### THE RECORDS:
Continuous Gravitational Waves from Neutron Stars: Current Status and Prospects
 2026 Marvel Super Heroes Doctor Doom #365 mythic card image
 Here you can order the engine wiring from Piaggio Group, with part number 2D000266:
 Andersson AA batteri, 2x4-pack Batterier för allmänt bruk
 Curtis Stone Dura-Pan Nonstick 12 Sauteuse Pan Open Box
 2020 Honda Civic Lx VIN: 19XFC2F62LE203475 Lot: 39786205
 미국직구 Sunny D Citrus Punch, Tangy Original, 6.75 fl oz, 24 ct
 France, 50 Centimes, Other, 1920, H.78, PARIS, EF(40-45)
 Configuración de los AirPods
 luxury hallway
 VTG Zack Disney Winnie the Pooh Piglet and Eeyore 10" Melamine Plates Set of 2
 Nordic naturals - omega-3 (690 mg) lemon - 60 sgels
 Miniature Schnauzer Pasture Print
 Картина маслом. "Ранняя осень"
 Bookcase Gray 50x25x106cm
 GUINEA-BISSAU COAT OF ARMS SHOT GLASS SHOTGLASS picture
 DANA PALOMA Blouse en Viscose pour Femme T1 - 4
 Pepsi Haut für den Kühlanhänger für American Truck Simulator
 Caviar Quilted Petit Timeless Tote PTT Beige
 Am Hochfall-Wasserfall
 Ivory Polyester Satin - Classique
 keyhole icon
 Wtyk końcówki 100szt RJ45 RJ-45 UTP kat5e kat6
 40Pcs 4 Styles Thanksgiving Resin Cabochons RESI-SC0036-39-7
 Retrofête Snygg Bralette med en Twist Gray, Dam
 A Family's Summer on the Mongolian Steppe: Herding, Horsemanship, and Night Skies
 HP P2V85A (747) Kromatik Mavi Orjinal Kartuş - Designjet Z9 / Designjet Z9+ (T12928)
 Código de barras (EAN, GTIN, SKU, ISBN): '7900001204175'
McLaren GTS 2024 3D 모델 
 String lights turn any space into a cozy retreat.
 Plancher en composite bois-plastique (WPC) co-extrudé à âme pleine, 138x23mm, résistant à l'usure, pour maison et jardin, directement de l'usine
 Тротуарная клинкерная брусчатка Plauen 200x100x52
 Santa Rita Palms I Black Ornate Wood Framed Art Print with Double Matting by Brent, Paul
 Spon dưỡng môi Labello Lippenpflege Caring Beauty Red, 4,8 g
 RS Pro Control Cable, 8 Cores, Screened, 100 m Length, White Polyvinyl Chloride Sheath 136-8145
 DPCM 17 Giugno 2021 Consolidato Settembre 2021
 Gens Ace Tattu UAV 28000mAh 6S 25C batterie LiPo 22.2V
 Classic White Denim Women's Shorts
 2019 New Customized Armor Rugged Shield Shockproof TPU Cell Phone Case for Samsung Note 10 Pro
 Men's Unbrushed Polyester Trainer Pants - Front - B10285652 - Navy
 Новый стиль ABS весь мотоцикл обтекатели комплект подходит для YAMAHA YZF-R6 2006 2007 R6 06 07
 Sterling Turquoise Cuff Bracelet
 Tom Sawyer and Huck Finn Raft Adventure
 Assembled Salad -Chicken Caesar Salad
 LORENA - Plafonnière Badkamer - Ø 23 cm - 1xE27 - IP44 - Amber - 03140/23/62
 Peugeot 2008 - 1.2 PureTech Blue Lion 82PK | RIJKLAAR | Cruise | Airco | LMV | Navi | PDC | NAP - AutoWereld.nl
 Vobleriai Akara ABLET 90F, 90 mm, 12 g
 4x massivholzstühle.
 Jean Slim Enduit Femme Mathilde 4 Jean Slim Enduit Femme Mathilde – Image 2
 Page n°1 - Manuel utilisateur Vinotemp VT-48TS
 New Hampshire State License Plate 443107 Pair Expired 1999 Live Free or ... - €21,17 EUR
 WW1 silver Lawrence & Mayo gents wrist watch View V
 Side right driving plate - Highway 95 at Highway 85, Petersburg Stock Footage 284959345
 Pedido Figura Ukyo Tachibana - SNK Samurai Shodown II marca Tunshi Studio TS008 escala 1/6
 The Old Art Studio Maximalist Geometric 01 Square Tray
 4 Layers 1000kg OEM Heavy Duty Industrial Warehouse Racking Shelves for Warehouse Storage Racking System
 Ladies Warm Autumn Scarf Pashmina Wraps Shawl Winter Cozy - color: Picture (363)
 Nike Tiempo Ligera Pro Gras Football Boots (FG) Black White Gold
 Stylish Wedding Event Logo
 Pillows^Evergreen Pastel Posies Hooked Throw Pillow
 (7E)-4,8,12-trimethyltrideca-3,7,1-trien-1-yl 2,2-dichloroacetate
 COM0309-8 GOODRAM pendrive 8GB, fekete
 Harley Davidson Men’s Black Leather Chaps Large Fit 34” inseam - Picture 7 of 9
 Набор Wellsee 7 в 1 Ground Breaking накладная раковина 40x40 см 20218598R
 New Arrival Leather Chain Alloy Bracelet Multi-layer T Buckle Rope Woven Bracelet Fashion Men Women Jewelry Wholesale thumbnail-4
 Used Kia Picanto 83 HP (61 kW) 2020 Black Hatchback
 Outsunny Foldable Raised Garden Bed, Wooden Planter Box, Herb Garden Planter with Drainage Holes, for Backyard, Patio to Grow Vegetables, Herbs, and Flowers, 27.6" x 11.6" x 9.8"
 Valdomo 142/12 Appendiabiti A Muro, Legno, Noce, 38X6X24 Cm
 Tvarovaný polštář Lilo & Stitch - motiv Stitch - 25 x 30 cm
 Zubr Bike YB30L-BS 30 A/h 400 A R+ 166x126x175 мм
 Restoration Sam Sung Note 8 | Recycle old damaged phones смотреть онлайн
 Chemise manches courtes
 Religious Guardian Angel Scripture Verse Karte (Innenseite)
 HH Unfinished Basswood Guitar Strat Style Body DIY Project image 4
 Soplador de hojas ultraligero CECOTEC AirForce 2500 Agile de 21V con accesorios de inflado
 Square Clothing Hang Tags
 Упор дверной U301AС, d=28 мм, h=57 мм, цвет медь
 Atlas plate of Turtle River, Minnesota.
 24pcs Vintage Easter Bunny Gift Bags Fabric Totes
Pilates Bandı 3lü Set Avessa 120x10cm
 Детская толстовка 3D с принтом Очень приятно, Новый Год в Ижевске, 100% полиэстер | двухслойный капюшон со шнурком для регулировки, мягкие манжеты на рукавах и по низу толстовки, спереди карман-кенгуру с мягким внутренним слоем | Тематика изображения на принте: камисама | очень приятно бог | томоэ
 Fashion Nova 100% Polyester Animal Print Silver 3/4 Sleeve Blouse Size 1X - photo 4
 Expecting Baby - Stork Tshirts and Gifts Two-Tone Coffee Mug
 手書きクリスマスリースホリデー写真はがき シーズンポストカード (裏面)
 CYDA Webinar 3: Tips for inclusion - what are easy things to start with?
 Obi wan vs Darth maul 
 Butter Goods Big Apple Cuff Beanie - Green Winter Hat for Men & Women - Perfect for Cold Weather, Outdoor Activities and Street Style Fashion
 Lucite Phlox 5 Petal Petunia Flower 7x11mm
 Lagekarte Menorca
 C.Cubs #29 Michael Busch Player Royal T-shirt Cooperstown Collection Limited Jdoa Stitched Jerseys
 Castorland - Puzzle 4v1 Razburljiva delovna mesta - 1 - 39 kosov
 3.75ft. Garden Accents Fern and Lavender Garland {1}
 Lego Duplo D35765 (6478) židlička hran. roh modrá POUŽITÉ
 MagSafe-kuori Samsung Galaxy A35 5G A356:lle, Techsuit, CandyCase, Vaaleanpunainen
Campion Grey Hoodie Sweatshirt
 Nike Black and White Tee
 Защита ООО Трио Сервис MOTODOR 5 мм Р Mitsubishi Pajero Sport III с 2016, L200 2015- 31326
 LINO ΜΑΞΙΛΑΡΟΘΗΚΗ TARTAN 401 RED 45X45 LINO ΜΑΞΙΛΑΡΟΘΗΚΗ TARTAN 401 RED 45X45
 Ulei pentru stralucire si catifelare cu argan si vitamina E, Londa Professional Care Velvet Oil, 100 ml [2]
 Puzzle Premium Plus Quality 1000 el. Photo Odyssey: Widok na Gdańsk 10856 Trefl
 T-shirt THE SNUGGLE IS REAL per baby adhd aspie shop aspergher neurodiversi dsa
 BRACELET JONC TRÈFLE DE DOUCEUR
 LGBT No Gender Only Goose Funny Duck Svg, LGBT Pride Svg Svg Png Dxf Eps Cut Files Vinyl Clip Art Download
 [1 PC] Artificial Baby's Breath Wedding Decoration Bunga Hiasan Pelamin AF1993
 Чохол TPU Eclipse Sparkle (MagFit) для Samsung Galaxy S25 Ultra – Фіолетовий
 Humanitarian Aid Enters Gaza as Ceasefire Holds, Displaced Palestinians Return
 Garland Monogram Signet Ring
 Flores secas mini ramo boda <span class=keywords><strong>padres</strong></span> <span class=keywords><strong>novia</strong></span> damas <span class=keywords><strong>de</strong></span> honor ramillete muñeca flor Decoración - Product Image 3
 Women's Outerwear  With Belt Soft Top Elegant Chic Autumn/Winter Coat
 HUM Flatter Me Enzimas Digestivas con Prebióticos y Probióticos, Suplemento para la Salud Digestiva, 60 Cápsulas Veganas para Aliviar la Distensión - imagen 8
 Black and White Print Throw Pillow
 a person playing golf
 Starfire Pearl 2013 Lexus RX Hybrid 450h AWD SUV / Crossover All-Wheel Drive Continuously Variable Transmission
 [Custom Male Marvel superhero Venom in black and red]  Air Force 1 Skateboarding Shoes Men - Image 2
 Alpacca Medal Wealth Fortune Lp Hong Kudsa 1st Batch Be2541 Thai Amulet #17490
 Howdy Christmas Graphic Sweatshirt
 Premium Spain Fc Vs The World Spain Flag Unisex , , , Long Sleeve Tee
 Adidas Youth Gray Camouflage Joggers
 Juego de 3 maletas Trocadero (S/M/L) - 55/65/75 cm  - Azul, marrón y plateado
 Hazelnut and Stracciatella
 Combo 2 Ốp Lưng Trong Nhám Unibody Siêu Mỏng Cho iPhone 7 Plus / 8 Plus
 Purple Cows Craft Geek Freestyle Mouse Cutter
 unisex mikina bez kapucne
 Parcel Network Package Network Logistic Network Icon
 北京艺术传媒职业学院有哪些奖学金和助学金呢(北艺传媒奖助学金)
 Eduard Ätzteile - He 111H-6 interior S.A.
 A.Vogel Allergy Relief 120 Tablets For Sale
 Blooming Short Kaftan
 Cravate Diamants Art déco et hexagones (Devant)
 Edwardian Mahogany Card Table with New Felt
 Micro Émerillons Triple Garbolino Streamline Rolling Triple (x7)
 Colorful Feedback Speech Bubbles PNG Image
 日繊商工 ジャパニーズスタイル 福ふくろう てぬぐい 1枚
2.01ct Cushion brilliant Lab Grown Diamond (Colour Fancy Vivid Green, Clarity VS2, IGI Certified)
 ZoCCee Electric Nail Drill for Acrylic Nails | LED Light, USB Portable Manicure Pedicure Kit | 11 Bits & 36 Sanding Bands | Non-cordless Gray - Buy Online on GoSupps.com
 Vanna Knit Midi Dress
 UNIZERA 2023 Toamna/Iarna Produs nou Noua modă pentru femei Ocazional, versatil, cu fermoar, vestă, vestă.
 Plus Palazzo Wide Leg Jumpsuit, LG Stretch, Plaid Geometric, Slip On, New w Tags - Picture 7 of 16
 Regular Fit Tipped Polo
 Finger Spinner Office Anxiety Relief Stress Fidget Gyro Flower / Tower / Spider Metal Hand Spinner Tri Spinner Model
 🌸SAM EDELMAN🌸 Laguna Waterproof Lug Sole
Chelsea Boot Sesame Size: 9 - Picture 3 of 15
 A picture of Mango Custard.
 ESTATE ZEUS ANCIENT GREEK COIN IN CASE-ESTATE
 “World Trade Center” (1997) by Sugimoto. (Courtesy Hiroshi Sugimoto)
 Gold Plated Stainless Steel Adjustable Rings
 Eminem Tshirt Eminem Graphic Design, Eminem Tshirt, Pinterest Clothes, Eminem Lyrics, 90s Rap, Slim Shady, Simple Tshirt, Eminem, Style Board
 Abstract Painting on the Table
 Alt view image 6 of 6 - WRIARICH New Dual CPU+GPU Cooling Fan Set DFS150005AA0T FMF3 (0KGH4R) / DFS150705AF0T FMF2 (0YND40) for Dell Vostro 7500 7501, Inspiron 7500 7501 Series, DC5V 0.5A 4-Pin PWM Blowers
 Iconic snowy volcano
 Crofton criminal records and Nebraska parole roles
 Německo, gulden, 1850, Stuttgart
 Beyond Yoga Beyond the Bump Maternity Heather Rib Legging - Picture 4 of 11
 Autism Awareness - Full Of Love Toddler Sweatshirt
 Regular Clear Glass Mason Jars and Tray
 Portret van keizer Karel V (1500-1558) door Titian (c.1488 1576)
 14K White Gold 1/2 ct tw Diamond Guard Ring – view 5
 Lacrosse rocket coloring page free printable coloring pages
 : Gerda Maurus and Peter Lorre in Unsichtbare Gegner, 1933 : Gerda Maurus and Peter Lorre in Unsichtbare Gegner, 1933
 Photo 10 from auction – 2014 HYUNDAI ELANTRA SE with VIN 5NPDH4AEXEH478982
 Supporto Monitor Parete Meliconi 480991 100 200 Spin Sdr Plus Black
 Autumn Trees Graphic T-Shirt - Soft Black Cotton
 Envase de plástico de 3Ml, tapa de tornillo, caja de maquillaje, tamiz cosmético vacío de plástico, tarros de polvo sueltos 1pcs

### ABOUT THIS EXERCISE:
Retype exactly, and only, the lines from the line holding "(Courtesy Hiroshi Sugimoto)" through the last line of the data; both of those lines count.

### EXERCISE RESPONSE:
 “World Trade Center” (1997) by Sugimoto. (Courtesy Hiroshi Sugimoto)
 Gold Plated Stainless Steel Adjustable Rings
 Eminem Tshirt Eminem Graphic Design, Eminem Tshirt, Pinterest Clothes, Eminem Lyrics, 90s Rap, Slim Shady, Simple Tshirt, Eminem, Style Board
 Abstract Painting on the Table
 Alt view image 6 of 6 - WRIARICH New Dual CPU+GPU Cooling Fan Set DFS150005AA0T FMF3 (0KGH4R) / DFS150705AF0T FMF2 (0YND40) for Dell Vostro 7500 7501, Inspiron 7500 7501 Series, DC5V 0.5A 4-Pin PWM Blowers
 Iconic snowy volcano
 Crofton criminal records and Nebraska parole roles
 Německo, gulden, 1850, Stuttgart
 Beyond Yoga Beyond the Bump Maternity Heather Rib Legging - Picture 4 of 11
 Autism Awareness - Full Of Love Toddler Sweatshirt
 Regular Clear Glass Mason Jars and Tray
 Portret van keizer Karel V (1500-1558) door Titian (c.1488 1576)
 14K White Gold 1/2 ct tw Diamond Guard Ring – view 5
 Lacrosse rocket coloring page free printable coloring pages
 : Gerda Maurus and Peter Lorre in Unsichtbare Gegner, 1933 : Gerda Maurus and Peter Lorre in Unsichtbare Gegner, 1933
 Photo 10 from auction – 2014 HYUNDAI ELANTRA SE with VIN 5NPDH4AEXEH478982
 Supporto Monitor Parete Meliconi 480991 100 200 Spin Sdr Plus Black
 Autumn Trees Graphic T-Shirt - Soft Black Cotton
 Envase de plástico de 3Ml, tapa de tornillo, caja de maquillaje, tamiz cosmético vacío de plástico, tarros de polvo sueltos 1pcs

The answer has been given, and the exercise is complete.